Elezioni amministrative 2018: affluenza del 61,19%

elezioni amministrative

Il dato proviene dal Viminale che, nel conteggio, esclude la Sicilia e due Municipi romani ed è in calo rispetto alle scorse amministrative.

Domenica 10 giugno quasi sette milioni (sei milioni e 744.087) di cittadini italiani hanno votato per eleggere i sindaci e i consigli comunali di 76o comuni. L’appuntamento elettorale è il primo dopo quello delle elezioni per rinnovare Camera, Senato e alcuni Consigli Regionali dello scorso 4 marzo.

Affluenza alle ore 23

I seggi dei 760 comuni chiamati a rinnovare il Consiglio Comunale si sono chiusi alle ore 23. L’affluenza, in base ai dati analizzati di 623 comuni su 623, è del 61,19%. La percentuale indica un calo di affluenza rispetto alle precedenti elezioni amministrative (67, 22%).

Elezioni comunali

Durante le elezioni amministrative del 10 giugno 2018, i cittadini aventi diritto possono votare nella sola giornata di domenica. Per i comuni con più di 15.000 abitanti, la legge prevede un eventuale ballottaggio (se nessuno dei candidati ottenesse il 50% più uno dei voti) per eleggere il sindaco che si svolgerà domenica 24 giugno. I capoluoghi di provincia interessati dalla consultazione elettorale sono venti: Ancona, Avellino, Barletta, Brescia, Brindisi, Catania, Imperia, Massa, Messina, Pisa, Ragusa, Siena, Siracusa, Sondrio, Teramo, Terni, Trapani, Treviso, Vicenza e Viterbo.
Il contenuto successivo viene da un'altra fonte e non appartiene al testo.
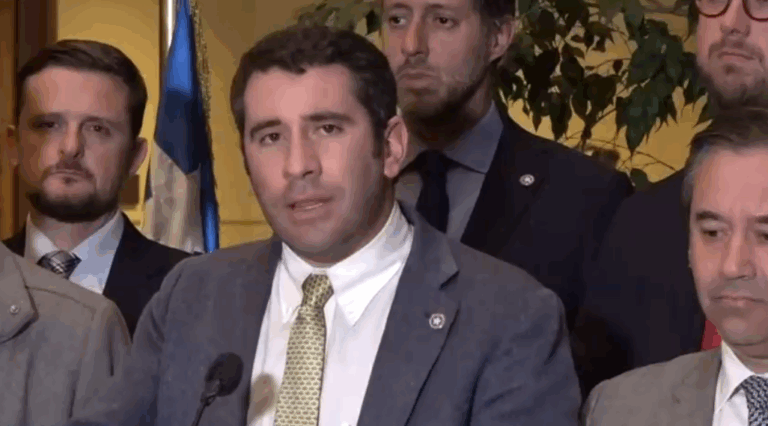 Republicanos anuncian acusación constitucional contra ministra Aguilera por gestión en crisis hospitalaria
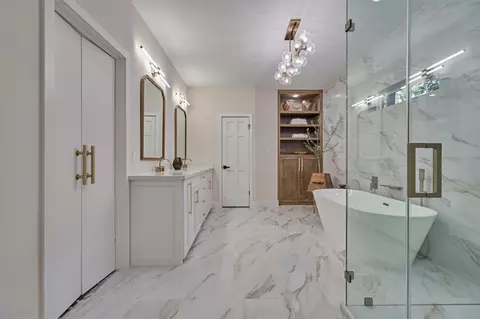 Bath - 6023 Craigway Rd, Spring, TX 77389 photo 3 of 6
Si vota inoltre anche in due consigli circoscrizionali, il III e l’VIII Municipio di Roma.

Affluenza in aumento

Alle ore 19 del 10 giugno, quando mancano quattro ore alla chiusura dei seggi e alla diffusione dei primi exit poll, l’affluenza si attesta al 44,o5%. I dati riguardano 643 su 643 e sono stati pubblicati sul sito web del Ministero dell’Interno. Dal computo sono esclusi i comuni al voto in Sicilia e i due Municipi della capitale, che trasmettono i dati su portali diversi da quello del Viminale. L’Istituto YouTrend specifica che, se si confermasse la tendenza attuale basata sui dati di partecipazione al voto tra le 12 e le 19, l’affluenza definitiva potrebbe essere tra il 59 e il 63%. La media è calcolata su base nazionale ed è esclusa la Sicilia, che non trasmette i dati insieme al Ministero dell’Interno. Alle precedenti elezioni omologhe, che riguardavano pressapoco i medesimi comuni, la percentuale di affluenza alle urne era stata del 40,03%.

Sono 141 i comuni al voto per cause diverse dalla “scadenza naturale” dell’Amministrazione. In otto comuni non è stata presentata alcuna lista, quindi si va verso il commissariamento; tra questi otto, cinque sono in Sardegna. Il comune di San Luca, nei pressi di Reggio Calabria, sarà nuovamente commissariato; il paese, che conta circa 4000 abitanti, non elegge il sindaco dal 2013, quando il comune è stato sciolto per infiltrazioni della criminalità organizzata. I dati elencati sono stati diffusi dall’agenzia Ansa.

Elezioni amministrative e la politica nazionale

Le elezioni amministrative sono diverse da quelle nazionali: lo si sente ripetere spesso e c’è un fondo di verità. In un comune, specialmente quando le sue dimensioni sono ridotte e il numero degli abitanti è minore di 10.000 individui, i cittadini hanno spesso avuto l’opportunità di conoscere personalmente i candidati prima che questi intraprendessero l’attività politica. Il rapporto tra elettore ed eletto, in questo caso, è fiduciario più che “ideologico”; in altre parole, si vota spesso per la persona più che per il partito di appartenenza. Tuttavia queste elezioni amministrative sono un banco di prova interessante perché sono le prime dopo quelle del 4 marzo e la formazione del nuovo governo. Si attendono i primi exit poll per comprendere se Lega e Movimento 5 Stelle otterranno gli stessi buoni risultati di marzo, a scapito di altri partiti, quali Forza Italia e Partito Democratico. Si tenga conto che un altro fondamentale appuntamento elettorale sarà quello delle elezioni europee del 2019; in tale occasioni, pur valendo la distinzione dalle consultazioni nazionali, l’attuale esecutivo potrà tastare il consenso dopo un anno di attività.